Source information:
<<<<

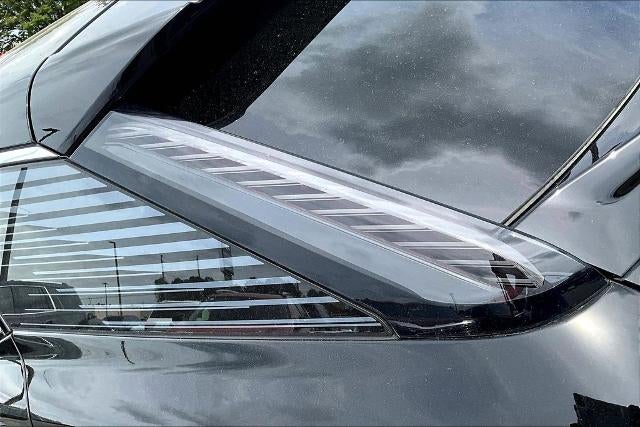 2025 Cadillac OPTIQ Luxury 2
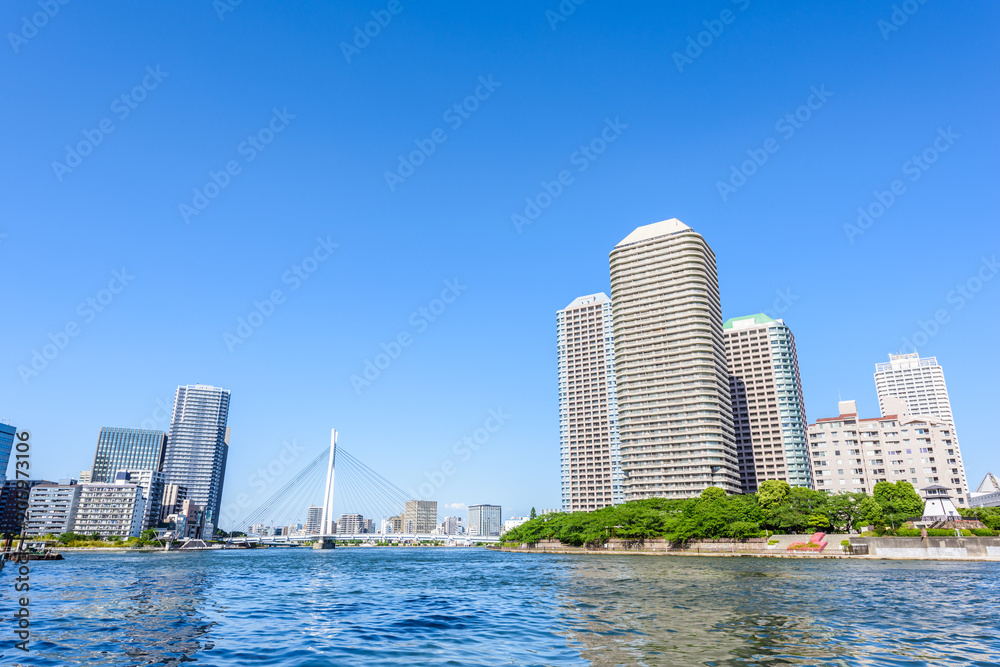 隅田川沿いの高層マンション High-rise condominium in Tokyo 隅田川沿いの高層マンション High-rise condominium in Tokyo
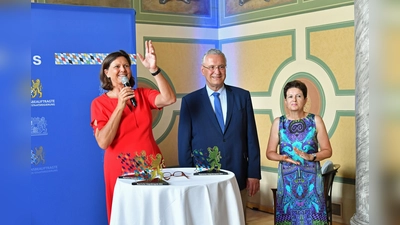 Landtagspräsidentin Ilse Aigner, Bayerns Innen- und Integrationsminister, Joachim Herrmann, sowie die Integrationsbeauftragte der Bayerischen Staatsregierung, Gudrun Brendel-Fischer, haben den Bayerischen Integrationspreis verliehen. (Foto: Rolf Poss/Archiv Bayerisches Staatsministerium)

>>>>
<<<<

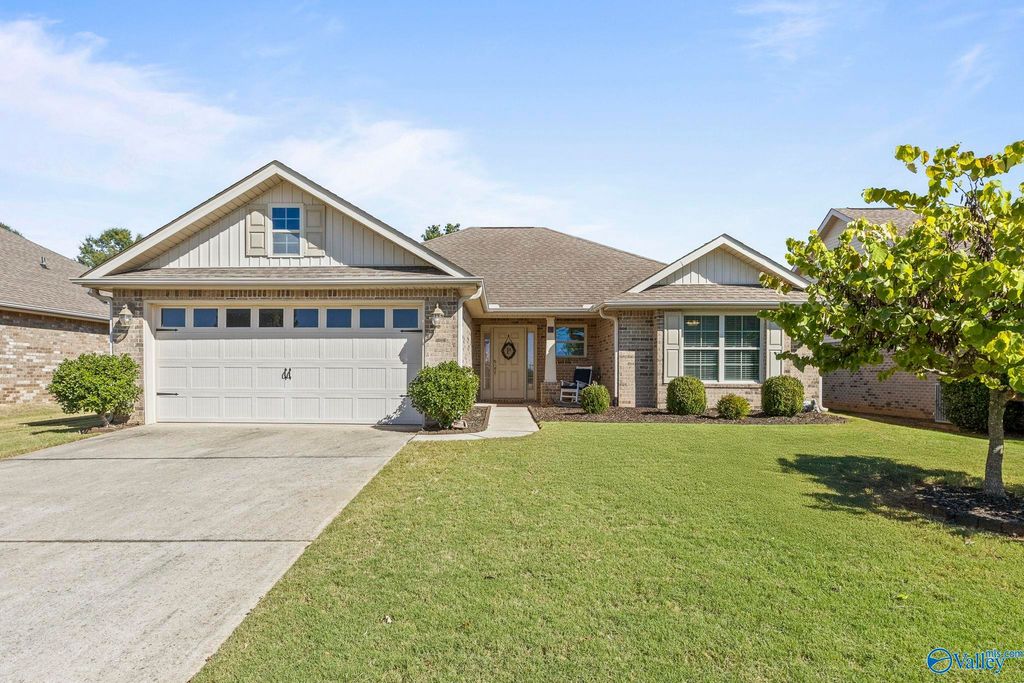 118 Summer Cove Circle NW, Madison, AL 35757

>>>>

Work required: Go back to the listing above and reproduce, exactly, the stretch from the line bearing "隅田川沿いの高層マンション High-rise condominium in Tokyo 隅田川沿いの高層マンション" through the line bearing "Landtagspräsidentin Ilse Aigner, Bayerns", without its pictures.

Exercise answer:
 隅田川沿いの高層マンション High-rise condominium in Tokyo 隅田川沿いの高層マンション High-rise condominium in Tokyo
 Landtagspräsidentin Ilse Aigner, Bayerns Innen- und Integrationsminister, Joachim Herrmann, sowie die Integrationsbeauftragte der Bayerischen Staatsregierung, Gudrun Brendel-Fischer, haben den Bayerischen Integrationspreis verliehen. (Foto: Rolf Poss/Archiv Bayerisches Staatsministerium)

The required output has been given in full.